Problem details | Could you retype every entry below exactly as written?

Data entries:

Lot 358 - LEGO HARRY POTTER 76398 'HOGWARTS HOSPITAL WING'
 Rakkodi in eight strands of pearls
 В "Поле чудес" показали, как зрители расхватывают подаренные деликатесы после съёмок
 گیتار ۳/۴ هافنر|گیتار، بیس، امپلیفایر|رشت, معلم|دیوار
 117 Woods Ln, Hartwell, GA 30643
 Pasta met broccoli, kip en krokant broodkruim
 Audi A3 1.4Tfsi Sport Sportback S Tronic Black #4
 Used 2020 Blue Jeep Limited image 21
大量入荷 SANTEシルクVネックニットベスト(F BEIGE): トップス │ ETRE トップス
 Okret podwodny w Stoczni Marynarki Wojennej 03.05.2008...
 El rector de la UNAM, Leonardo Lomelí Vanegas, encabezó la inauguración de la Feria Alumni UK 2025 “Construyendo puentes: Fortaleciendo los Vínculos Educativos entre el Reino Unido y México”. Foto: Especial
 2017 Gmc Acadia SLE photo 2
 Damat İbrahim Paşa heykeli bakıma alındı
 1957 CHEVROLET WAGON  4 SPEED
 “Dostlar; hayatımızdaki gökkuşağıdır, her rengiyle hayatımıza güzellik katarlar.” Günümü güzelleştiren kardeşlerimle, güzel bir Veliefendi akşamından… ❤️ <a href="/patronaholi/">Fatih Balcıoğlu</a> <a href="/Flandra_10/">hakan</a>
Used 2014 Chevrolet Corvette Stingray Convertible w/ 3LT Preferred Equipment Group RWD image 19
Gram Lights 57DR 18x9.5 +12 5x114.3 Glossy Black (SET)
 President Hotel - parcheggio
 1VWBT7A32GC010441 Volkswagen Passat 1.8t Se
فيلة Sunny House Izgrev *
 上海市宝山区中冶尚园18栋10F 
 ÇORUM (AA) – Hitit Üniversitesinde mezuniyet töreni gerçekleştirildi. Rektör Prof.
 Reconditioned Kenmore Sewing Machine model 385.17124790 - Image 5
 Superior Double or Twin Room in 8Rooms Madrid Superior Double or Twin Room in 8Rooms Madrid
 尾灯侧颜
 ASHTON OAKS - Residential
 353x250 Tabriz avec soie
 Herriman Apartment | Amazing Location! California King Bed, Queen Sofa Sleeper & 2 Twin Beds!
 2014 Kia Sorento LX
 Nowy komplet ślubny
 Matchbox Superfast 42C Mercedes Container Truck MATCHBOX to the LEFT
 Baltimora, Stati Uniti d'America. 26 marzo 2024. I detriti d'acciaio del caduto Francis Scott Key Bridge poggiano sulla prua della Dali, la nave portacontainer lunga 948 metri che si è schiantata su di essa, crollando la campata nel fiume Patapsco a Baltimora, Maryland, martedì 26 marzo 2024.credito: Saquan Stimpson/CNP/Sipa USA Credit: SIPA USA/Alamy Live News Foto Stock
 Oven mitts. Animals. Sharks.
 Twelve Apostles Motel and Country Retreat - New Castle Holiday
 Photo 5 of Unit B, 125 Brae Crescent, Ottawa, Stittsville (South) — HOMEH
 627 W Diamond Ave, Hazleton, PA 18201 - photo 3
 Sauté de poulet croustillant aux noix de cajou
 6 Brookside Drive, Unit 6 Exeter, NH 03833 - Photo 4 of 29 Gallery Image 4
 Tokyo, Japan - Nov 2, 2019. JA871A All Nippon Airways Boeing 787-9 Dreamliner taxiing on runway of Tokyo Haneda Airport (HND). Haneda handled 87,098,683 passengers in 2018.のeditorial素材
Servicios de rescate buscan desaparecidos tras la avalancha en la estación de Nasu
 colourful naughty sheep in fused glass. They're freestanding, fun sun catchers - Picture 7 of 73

Exercise response |
Lot 358 - LEGO HARRY POTTER 76398 'HOGWARTS HOSPITAL WING'
 Rakkodi in eight strands of pearls
 В "Поле чудес" показали, как зрители расхватывают подаренные деликатесы после съёмок
 گیتار ۳/۴ هافنر|گیتار، بیس، امپلیفایر|رشت, معلم|دیوار
 117 Woods Ln, Hartwell, GA 30643
 Pasta met broccoli, kip en krokant broodkruim
 Audi A3 1.4Tfsi Sport Sportback S Tronic Black #4
 Used 2020 Blue Jeep Limited image 21
大量入荷 SANTEシルクVネックニットベスト(F BEIGE): トップス │ ETRE トップス
 Okret podwodny w Stoczni Marynarki Wojennej 03.05.2008...
 El rector de la UNAM, Leonardo Lomelí Vanegas, encabezó la inauguración de la Feria Alumni UK 2025 “Construyendo puentes: Fortaleciendo los Vínculos Educativos entre el Reino Unido y México”. Foto: Especial
 2017 Gmc Acadia SLE photo 2
 Damat İbrahim Paşa heykeli bakıma alındı
 1957 CHEVROLET WAGON  4 SPEED
 “Dostlar; hayatımızdaki gökkuşağıdır, her rengiyle hayatımıza güzellik katarlar.” Günümü güzelleştiren kardeşlerimle, güzel bir Veliefendi akşamından… ❤️ <a href="/patronaholi/">Fatih Balcıoğlu</a> <a href="/Flandra_10/">hakan</a>
Used 2014 Chevrolet Corvette Stingray Convertible w/ 3LT Preferred Equipment Group RWD image 19
Gram Lights 57DR 18x9.5 +12 5x114.3 Glossy Black (SET)
 President Hotel - parcheggio
 1VWBT7A32GC010441 Volkswagen Passat 1.8t Se
فيلة Sunny House Izgrev *
 上海市宝山区中冶尚园18栋10F 
 ÇORUM (AA) – Hitit Üniversitesinde mezuniyet töreni gerçekleştirildi. Rektör Prof.
 Reconditioned Kenmore Sewing Machine model 385.17124790 - Image 5
 Superior Double or Twin Room in 8Rooms Madrid Superior Double or Twin Room in 8Rooms Madrid
 尾灯侧颜
 ASHTON OAKS - Residential
 353x250 Tabriz avec soie
 Herriman Apartment | Amazing Location! California King Bed, Queen Sofa Sleeper & 2 Twin Beds!
 2014 Kia Sorento LX
 Nowy komplet ślubny
 Matchbox Superfast 42C Mercedes Container Truck MATCHBOX to the LEFT
 Baltimora, Stati Uniti d'America. 26 marzo 2024. I detriti d'acciaio del caduto Francis Scott Key Bridge poggiano sulla prua della Dali, la nave portacontainer lunga 948 metri che si è schiantata su di essa, crollando la campata nel fiume Patapsco a Baltimora, Maryland, martedì 26 marzo 2024.credito: Saquan Stimpson/CNP/Sipa USA Credit: SIPA USA/Alamy Live News Foto Stock
 Oven mitts. Animals. Sharks.
 Twelve Apostles Motel and Country Retreat - New Castle Holiday
 Photo 5 of Unit B, 125 Brae Crescent, Ottawa, Stittsville (South) — HOMEH
 627 W Diamond Ave, Hazleton, PA 18201 - photo 3
 Sauté de poulet croustillant aux noix de cajou
 6 Brookside Drive, Unit 6 Exeter, NH 03833 - Photo 4 of 29 Gallery Image 4
 Tokyo, Japan - Nov 2, 2019. JA871A All Nippon Airways Boeing 787-9 Dreamliner taxiing on runway of Tokyo Haneda Airport (HND). Haneda handled 87,098,683 passengers in 2018.のeditorial素材
Servicios de rescate buscan desaparecidos tras la avalancha en la estación de Nasu
 colourful naughty sheep in fused glass. They're freestanding, fun sun catchers - Picture 7 of 73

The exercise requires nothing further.